The patient was taken up for surgical correction of the left eye under local anesthesia. Forced duction test preoperatively showed restriction in all directions and maximum in abduction. On exposure, the conjunctiva and tenon’s capsule on the medial side of the left eye appeared thickened and fibrosed. The fleshy and thickened tendon of the medial rectus muscle showed an anomaly of insertion, being only 2.2mm away from the limbus.

A medial rectus tenotomy and tenectomy with conjunctival and tenon’s resection was performed to achieve correction. This was followed by manual small incision cataract surgery through a temporal section and a posterior chamber intraocular lens (IOL) was placed in position.

Post operatively, the squinting left eye showed some improvement in alignment and visual improvement of counting finger 2m.

DISCUSSION: The pathogenesis of strabismus fixus remains poorly understood. Some authors believe it to be a part of extraocular muscle fibrosis syndrome which arises from dysfunction of oculomotor, trochlear and abducens nerve and the muscles they innervate causing incomitant strabismus with or without ptosis.^3,4

Surgical correction of strabismus fixus yields variable results. Combined recession-resection surgery yields good results for smaller deviations with mildly impaired motility, additional fixation techniques need to be applied once the horizontal muscle paths are deviated, and in extreme cases, a transposition procedure is required.⁵

CONCLUSION: In our patient, the clinical presentation goes in favour of the diagnosis of a congenital/genetic type of strabismus fixus rather than due to myopic myositis. It could also be a progressive esotropia developing into strabismus fixus. High myopic astigmatism causing poor vision may have accentuated/or caused esodeviation in early childhood which developed over several years into strabismus fixus.

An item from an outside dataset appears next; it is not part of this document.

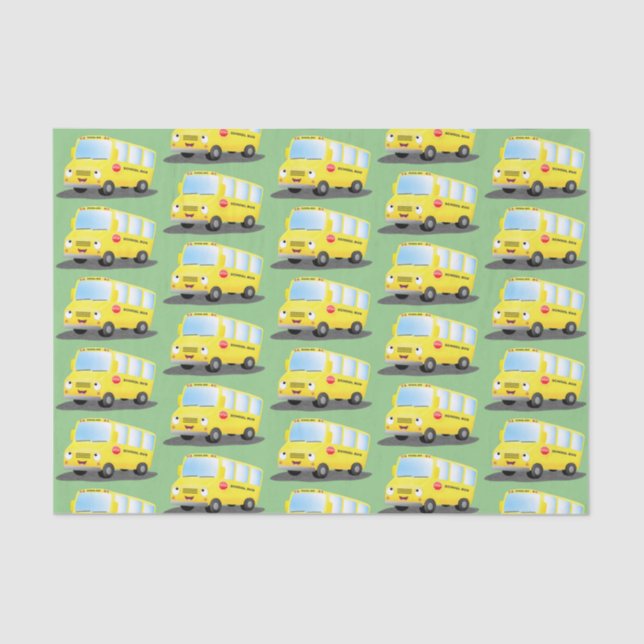Cute happy yellow school bus cartoon tissue paper (Front)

Surgical treatment in our case was offered at the age of 52. If presented before, surgery should be offered early in cases with extreme degrees of deviation. However a combined attempt of squint correction and cataract extraction with IOL implantation in this case achieved some desired visual improvement.

REFERENCES:
1.    Villasecca A. Strabismus fixus. Am J Ohthalmol 1959; 48: 51.
2.    Hayashi T, Maruo T. Acquired progressive esotropia and acquired strabismus fixus. Nippon Ganka Gakkai Zasshi 1999; 103: 604-11.
3.    Martinez L. A case of fixed strabismus. Am J Ophthal mol 1948; 31: 80.
4.    Hugonnier R, Clayette-Hugonnier S, Veronneau-Troutman S. Strabismus, Heterophoria, Ocular motor paralysis, p:205. CV Mosby, St. Louis. 1969
5.    Aebli R. Retraction syndrome, Arch Ophthalmol.1933; 10:602=610.